Supernova Is Getting Interesting

Supernova bills itself as the portfolio service that is built on the best of David Gardner’s stock picks from Stock Advisor and Rule Breakers. The only problem is that up until now there has not been a lot of actual portfolio management happening. It’s been more about just buying stocks on a regular basis with a dash of allocation guidance thrown in. But both Phoenix and Odyssey have entered new phases where portfolio management is taking on growing importance. And this change might finally make the Supernova service worth its premium price.

Phoenix is entering its second phase as it heads into 2015 where it will no longer be adding new money to the portfolio. Furthermore it will have to make $10,000 in distributions each quarter, mimicking a person in retirement, which has always been its charter. This means it will have to be very careful about its future Buy and Sell choices in order to avoid depleting the portfolio.
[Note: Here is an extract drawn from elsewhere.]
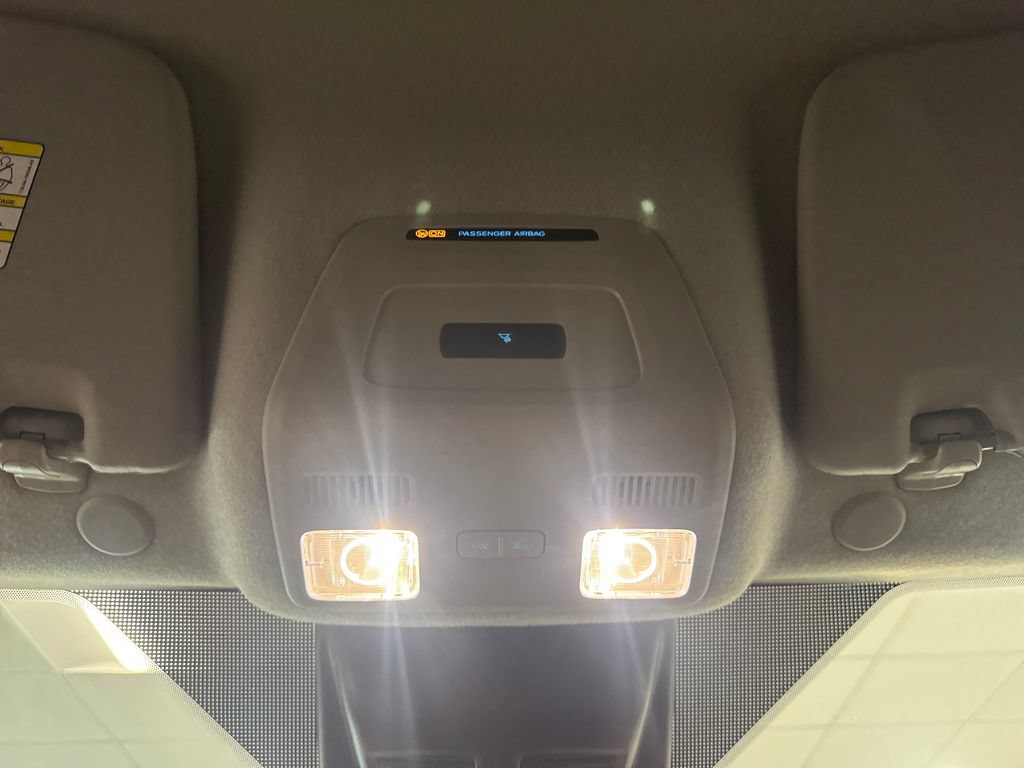 New 2026 Ford Transit 250 148 Medium Roof RWD image 15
Odyssey on the other hand has also found itself in a situation where recapitalization has become necessary. The portfolio will continue to contribute new money on a regular basis, but as the portfolio has grown, each new $1000 investment has amounted to smaller and more allocations, which in turn has made each investment decision less and less impactful. And so they have just undertaken a recapitalization plan where they sold 10% of their holdings in order to make money available for new investments that are bigger than their normal $1000 contributions allows. They will do this rebalancing on an annual basis.

I like both developments. For Phoenix, this moves it into the interesting position of being an investment portfolio where there will be more selling than buying. The real world application here is huge and will require an entirely different type of strategizing than what you will find anywhere else in the Motley fool universe, let alone most other investment services out there. Odyssey is also incorporating a realistic constraint that most investors face: limited funds and the need to make hard calls on which stocks to keep or sell as they look to optimize growth. In their first round of recapitalization they have made some interesting and controversial decisions and the service has benefited from the discussions these moves have generated.

With Supernova opening up to new members in the near future, the service has never been more valuable as it starts to really earn its premium status.

{ 2 comments… add one }
  • Jim December 1, 2014, 10:31 am

    Thx for the updates Kevin. So, going forward how do you see Supernova Phoenix as an IRA destination, especially an IRA that will not have future additions?

    Reply
    • Kevin December 2, 2014, 10:42 pm

      Thanks Jim. I think that makes sense. Phoenix was intended to mimic someone in retirement, so now that they can’t add any additional funds, it would fit the bill for an IRA, as long as you can buy and sell the individual stocks.